Ideally you don't do it that way at all, because parsing filenames properly in a shell script is always difficult (fix it for spaces, you'll still have problems with other embedded characters, in particular newline). This is even listed as the first entry in the BashPitfalls page.
That said, there is a way to almost do what you want:
oIFS=$IFS
IFS=$'\n'
find . -name '*.txt' | while read -r i; do
# use "$i" with whatever you're doing
done
IFS=$oIFS
Remember to also quote $i
when using it, to avoid other things interpreting the spaces later. Also remember to set $IFS
back after using it, because not doing so will cause bewildering errors later.

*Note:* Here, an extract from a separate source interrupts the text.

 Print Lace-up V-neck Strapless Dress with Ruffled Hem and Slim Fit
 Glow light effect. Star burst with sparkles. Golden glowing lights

This does have one other caveat attached: what happens inside the while
loop may take place in a subshell, depending on the exact shell you're using, so variable settings may not persist. The for
loop version avoids that but at the price that, even if you apply the $IFS
solution to avoid issues with spaces, you will then get in trouble if the find
returns too many files.
At some point the correct fix for all of this becomes doing it in a language such as Perl or Python instead of shell.
Use find -print0
and pipe it to xargs -0
, or write your own little C program and pipe it to your little C program. This is what -print0
and -0
were invented for.
Shell scripts aren't the best way to handle filenames with spaces in them: you can do it, but it gets clunky.
You can set the "internal field separator" (IFS
) to something else than space for the loop argument splitting, e.g.
ORIGIFS=${IFS}
NL='
'
IFS=${NL}
for i in $(find . -name '*.txt'); do
IFS=${ORIGIFS}
#do stuff
done
IFS=${ORIGIFS}
I reset IFS
after its use in find, mostly because it looks nice, I think. I haven't seen any problems in having it set to newline, but I think this is "cleaner".
Another method, depending on what you want to do with the output from find
, is to either directly use -exec
with the find
command, or use -print0
and pipe it into xargs -0
. In the first case find
takes care of the file name escaping. In the -print0
case, find
prints its output with a null separator, and then xargs
splits on this. Since no file name can contain that character (what I know of), this is always safe as well. This it mostly useful in simple cases; and usually is not a great substitute for a full for
loop.